I am implementing a customer operation whose gradients must be calculated. The following is the function:
def difference(prod,box):
result = tf.Variable(tf.zeros((prod.shape[0],box.shape[1]),dtype=tf.float16))
for i in tf.range(0,prod.shape[0]):
for j in tf.range(0,box.shape[1]):
result[i,j].assign((tf.reduce_prod(box[:,j])-tf.reduce_prod(prod[i,:]))/tf.reduce_prod(box[:,j]))
return result
I am unable to calculate the gradients with respect to box, the tape.gradient() is returning None, here is the code I have written for calculating gradients
prod = tf.constant([[3,4,5],[4,5,6],[1,3,3]],dtype=tf.float16)
box = tf.Variable([[4,5],[5,6],[5,7]],dtype=tf.float16)

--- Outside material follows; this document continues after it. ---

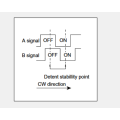 Ec11 serie Incrementele encoder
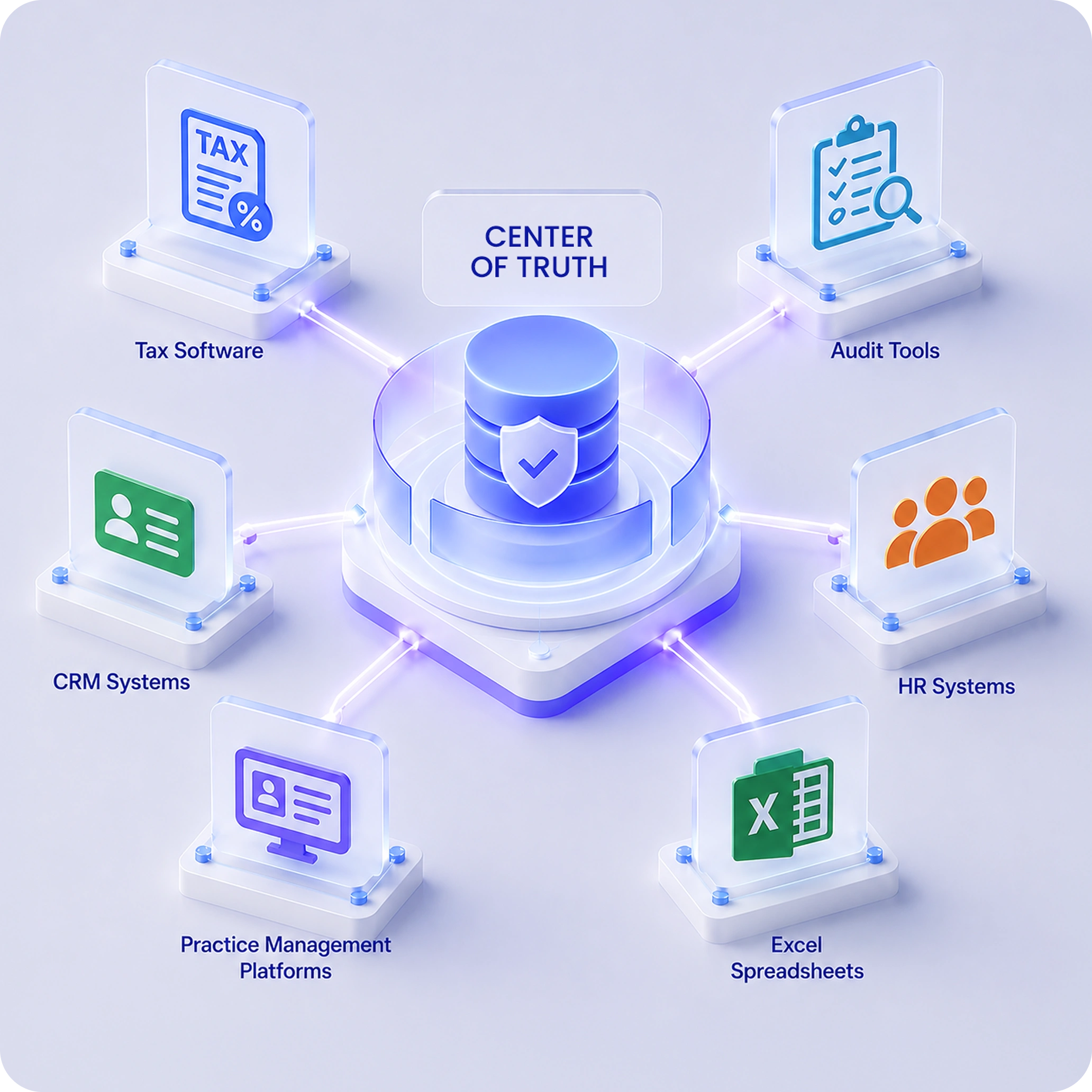 Center of Truth diagram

with tf.GradientTape() as tape:
tape.watch(box)
loss = difference(prod,box)
print(tape.gradient(loss,box))
I am not able to find the reason for unconnected gradients. Is the result variable causing it? Kindly suggest an alternative implementation.
Yes, in order to calculate gradients we need a set of (differentiable) operations on your variables.

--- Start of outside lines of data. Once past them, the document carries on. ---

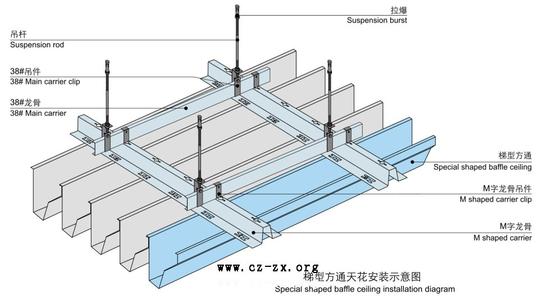 內(nèi)部集成吊頂圖-室內(nèi)集成吊頂廠家說這幾點(diǎn)要注意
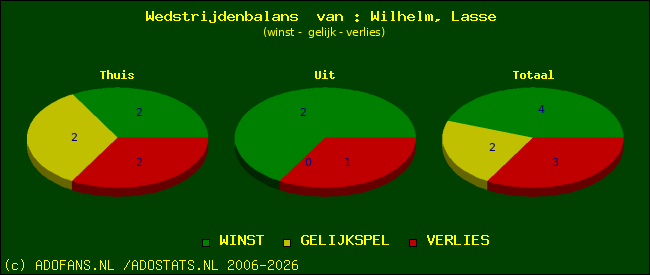 Wedstrijd balans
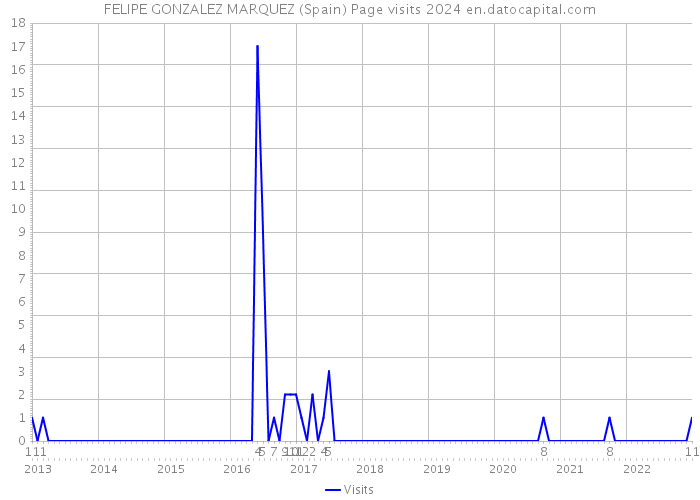 FELIPE GONZALEZ MARQUEZ (Spain) Page visits 2024 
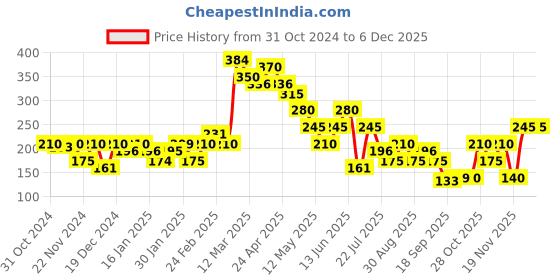 tatacliq.com MINIKLUB Boys Multicolor Printed 1 Joggers miniklub Price History Graph from 31 Oct 2024 to 5 Dec 2025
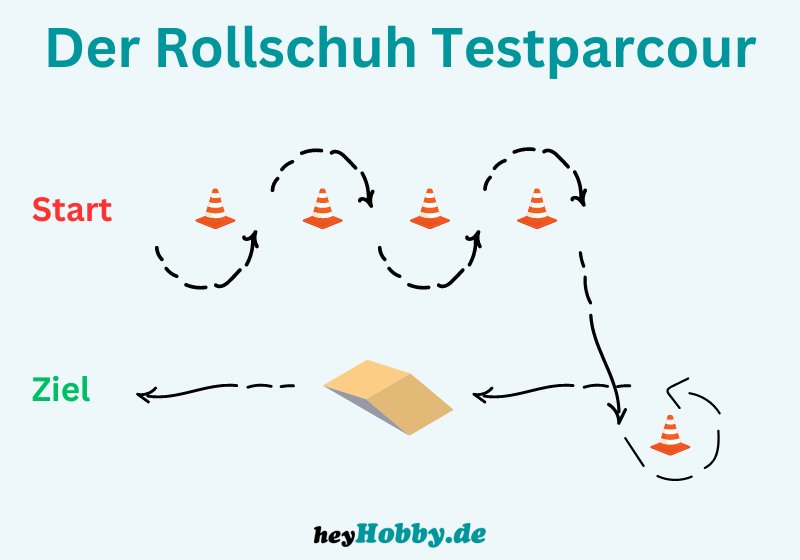 Skizze des Testparcours für die Rollschuhe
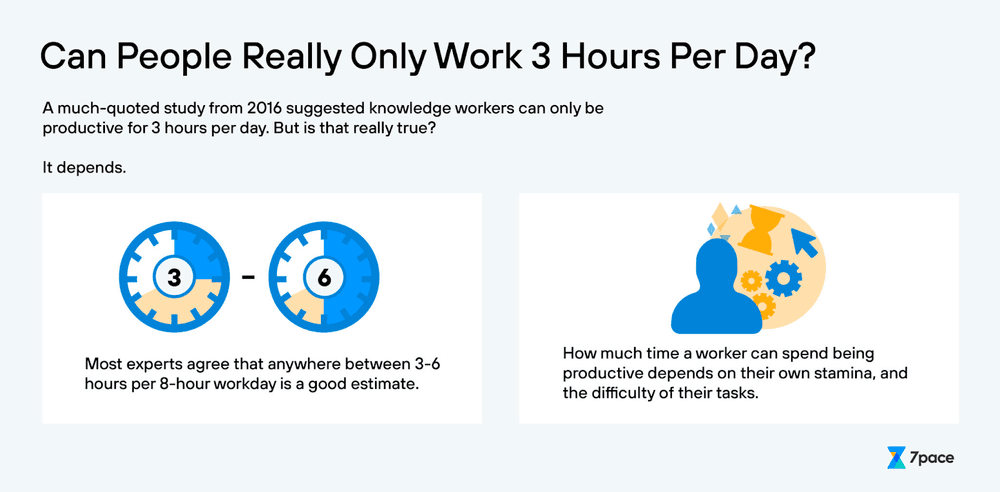 Infographic reviewing a 2016 study suggesting people may only work 3 hours a day and that data depends on the person.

You should re-write difference
as a function of the 2 input tensors. I think (though happy to confess I am not 100% sure!) that it is the use of 'assign' that makes the gradient tape fall over.
Perhaps something like this:
def difference(prod, box):
box_red = tf.reduce_prod(box, axis=0)
prod_red = tf.reduce_prod(prod, axis=1)
return (tf.expand_dims(box_red, 0) - tf.expand_dims(prod_red, 1)) / tf.expand_dims(box_red, 0)
would get you the desired result